By following these steps, you will successfully uninstall the AGILITY deployment and associated resources:

  1. Delete the Helm charts at the namespace level:

     helm -n monitoring delete agility-observability --wait
     helm -n monitoring delete agility-logging --wait
     helm -n monitoring delete agility-metrics --wait
     helm -n monitoring delete agility-opentelemetry --wait
    
  2. Remove namespace

     kubectl delete namespace monitoring
    

Appendix A: Prometheus rules

By default, we implement the following prometheus-rules at agility-metrics chart level:

agility-metrics/resources/prometheus-rules
├── basic-linux.yaml
├── kubernetes.yaml
└── postgresql.yaml

Disabling rules

These rules can be turn off in the override file we’ve just used. For this case, let’s suppose we’ll like to disable the basic-linux rules:

  1. This is the rule we’ll like to remove.

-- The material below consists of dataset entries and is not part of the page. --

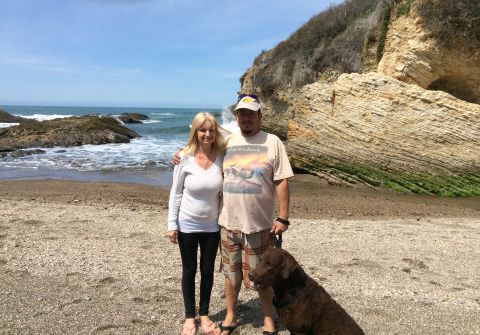 1996 Ford C-350 (Centurion Conversions) - A couple and their dog pose for a photo on a beach with waves crashing on rocks and a large cliff face.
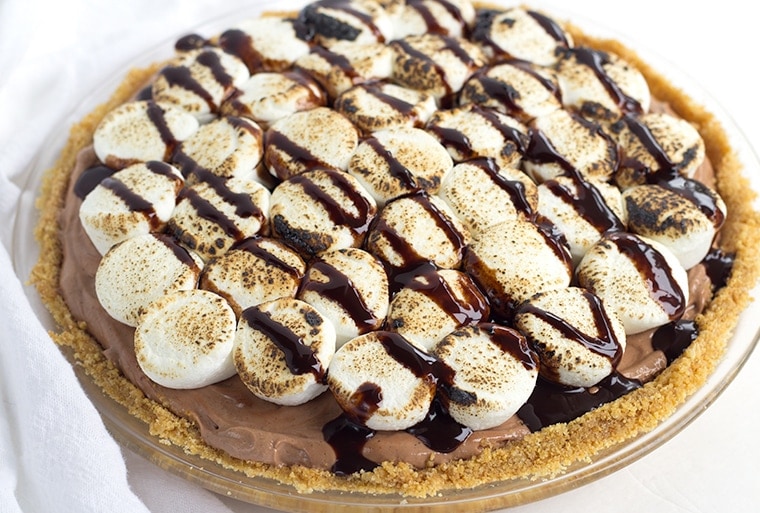 This No Bake S'Mores Pie is creamy and sweet with toasted marshmallows, chocolate, and a graham cracker crust - a cool summer dessert for those hot months!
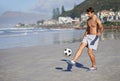Man, beach and playing with soccer ball for game, sports or exercise in outdoor hobby, training or practice. Young male Royalty Free Stock Photo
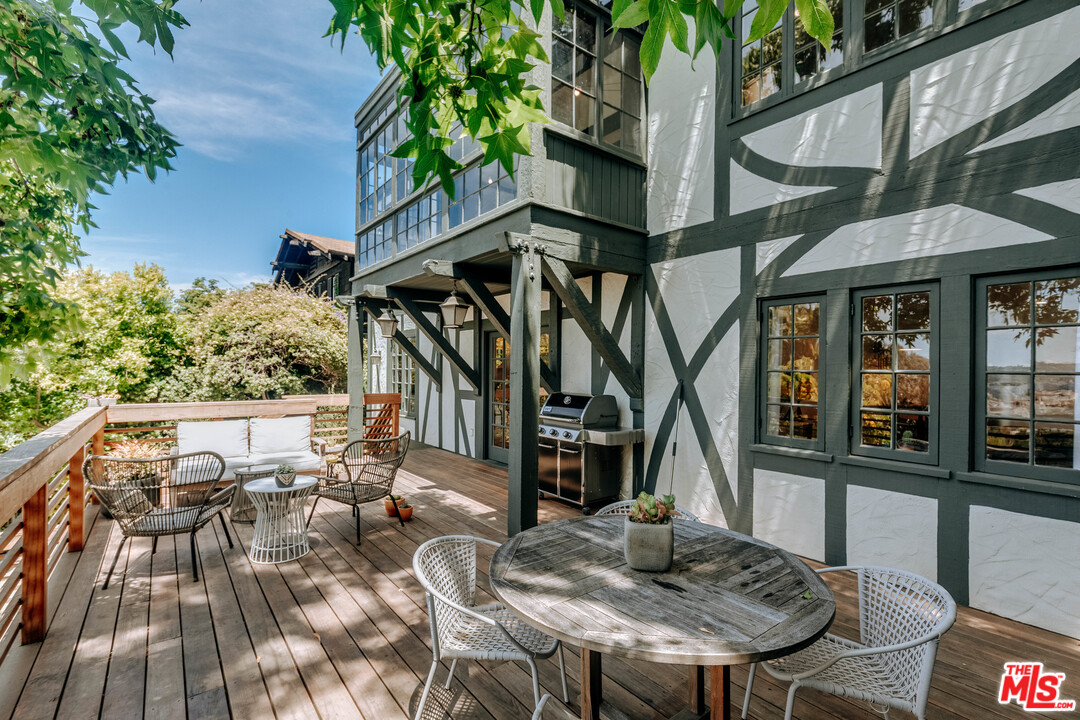 1341 Edgecliffe Drive Los Angeles, CA 90026 - Photo 36 of 51 a view of house with roof deck and furniture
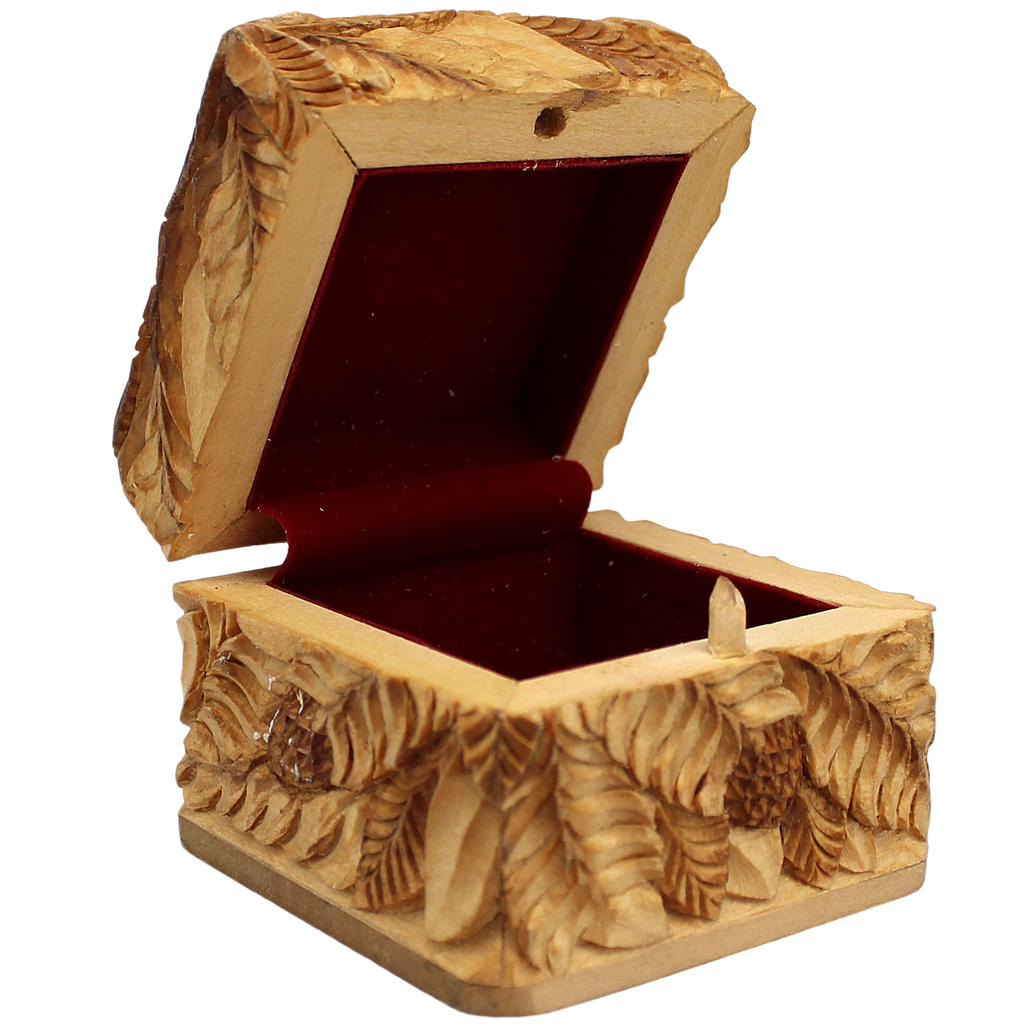 An intricately carved wooden box with a red interior, featuring detailed patterns and designs.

     kubectl get prometheusrules -n monitoring
     NAME                                                              AGE
     agility-metrics-basic-linux                                       5d22h
    
  2. Since we’ll like to disable it, we add the following lines into your overrides values file: agility-metrics-values-overrides.yaml

     # Enabled prometheus rules
     extraPrometheusRules:
       basic-linux: false
    
  3. Run the Helm command to deploy agility-metrics:

     helm -n monitoring upgrade --install --create-namespace agility-metrics ./agility-metrics --values agility-metrics-values-overrides.yaml
    
  4. We wait until the installation is complete and then we check again the object. We shouldn’t see it.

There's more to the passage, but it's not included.